AIM OF THE EXERCISE: I'd like the listing below copied exactly, with the images left out.

[EXERCISE INPUT Boundary: Start]

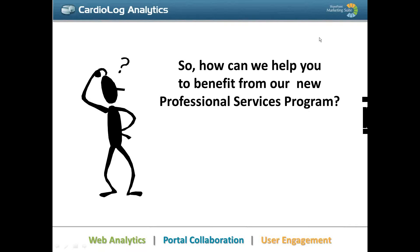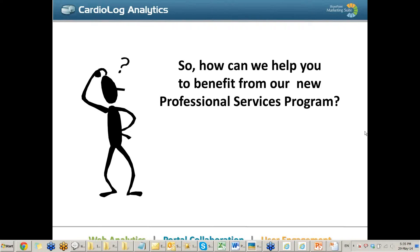I'm going to stop for a second and read any questions you have. If you want, you can unmute yourself or just write to me and I'll go over the questions and make sure to answer anything you have. This webinar is also for you to give me ideas and for me to understand how you are doing with Cardiolog or SharePoint Marketing Suite. What are your other expectations for enhancing your SharePoint? Do you understand the usages? Do you understand the reports? This is the main point. I'm going to give you a minute to write your questions.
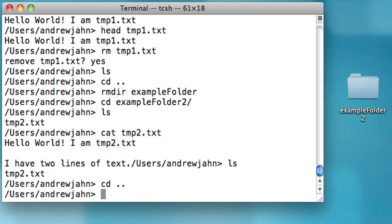So if I wanted to remove examplefolder2 and everything that's in it—say, nuke the entire thing—you would type in rm, then the option -r, and the name of the directory.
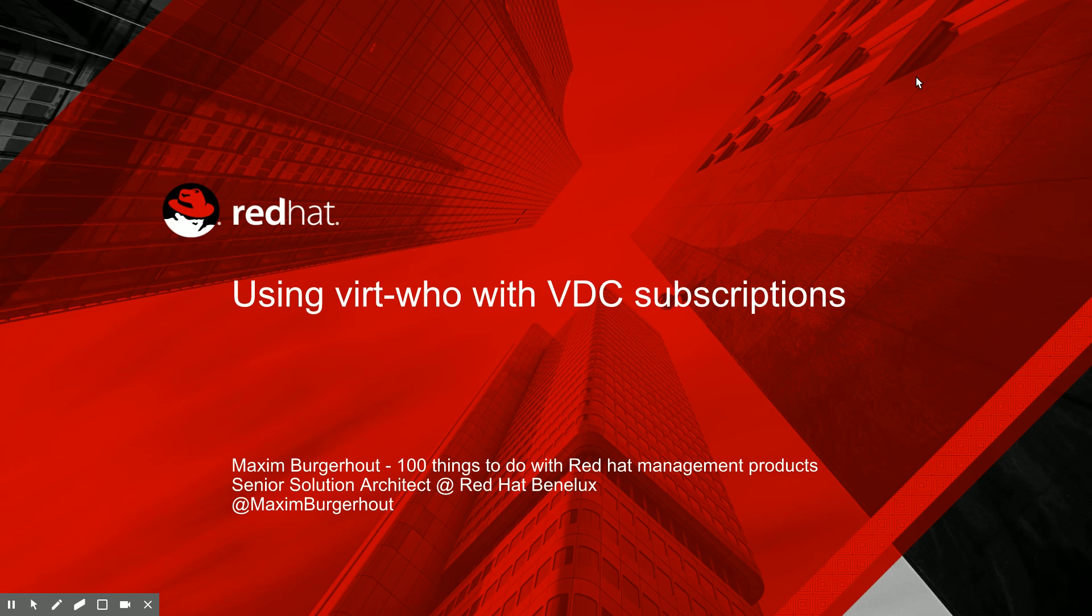Hey everybody, this is Maxim Burgerhout from 100 Things to Do with Red Hat Management Products. It's been a while, apologies for that.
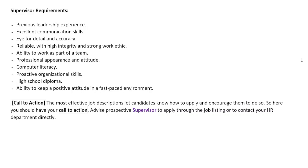You must also have the ability to keep a positive attitude in a fast-paced environment. Those are the important requirements for this supervisor job. At the end, the job description closes with a call-to-action paragraph that states how a potential candidate can apply for the job — in other words, how they can approach the HR department to get more information. A medium of contact is written in this section by the company, and that concludes the job description.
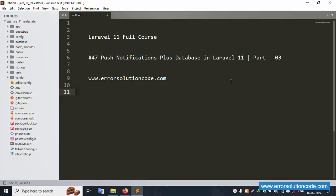Hello everyone, my channel Error Solution. Today I am discussing Laravel 11 full course, this is part 47 - push notification with database in Laravel 11. This is part 3. My official website is www.errorsolutioncode.com. Let's start this video.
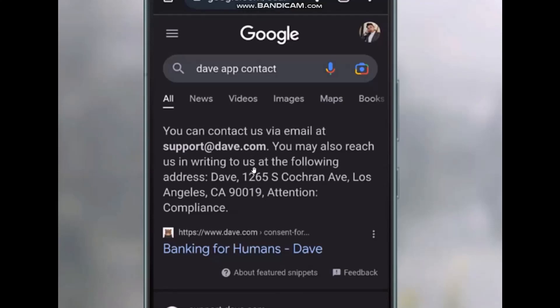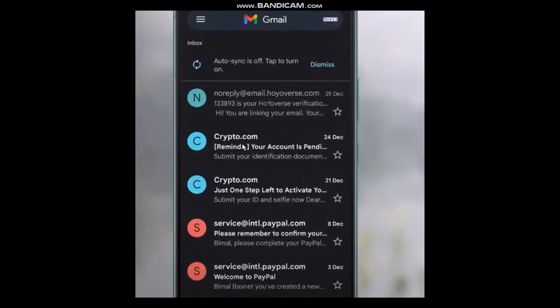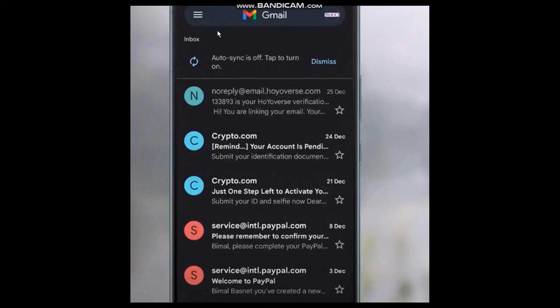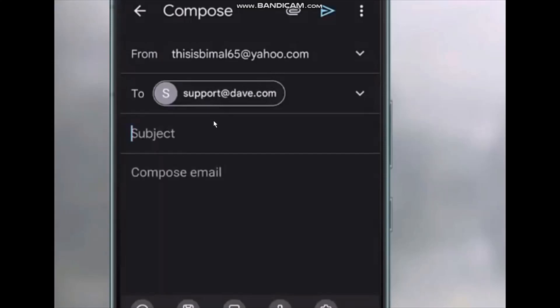To send an email, all you gotta do is copy that email address link. Once you copy it, head into your Gmail app and compose a new message. Paste that support@dave.com address right there, then explain the problem that you are facing.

[EXERCISE INPUT Boundary: End]

RESPONSE TO THE EXERCISE:
I'm going to stop for a second and read any questions you have. If you want, you can unmute yourself or just write to me and I'll go over the questions and make sure to answer anything you have. This webinar is also for you to give me ideas and for me to understand how you are doing with Cardiolog or SharePoint Marketing Suite. What are your other expectations for enhancing your SharePoint? Do you understand the usages? Do you understand the reports? This is the main point. I'm going to give you a minute to write your questions.
So if I wanted to remove examplefolder2 and everything that's in it—say, nuke the entire thing—you would type in rm, then the option -r, and the name of the directory.
Hey everybody, this is Maxim Burgerhout from 100 Things to Do with Red Hat Management Products. It's been a while, apologies for that.
You must also have the ability to keep a positive attitude in a fast-paced environment. Those are the important requirements for this supervisor job. At the end, the job description closes with a call-to-action paragraph that states how a potential candidate can apply for the job — in other words, how they can approach the HR department to get more information. A medium of contact is written in this section by the company, and that concludes the job description.
Hello everyone, my channel Error Solution. Today I am discussing Laravel 11 full course, this is part 47 - push notification with database in Laravel 11. This is part 3. My official website is www.errorsolutioncode.com. Let's start this video.
To send an email, all you gotta do is copy that email address link. Once you copy it, head into your Gmail app and compose a new message. Paste that support@dave.com address right there, then explain the problem that you are facing.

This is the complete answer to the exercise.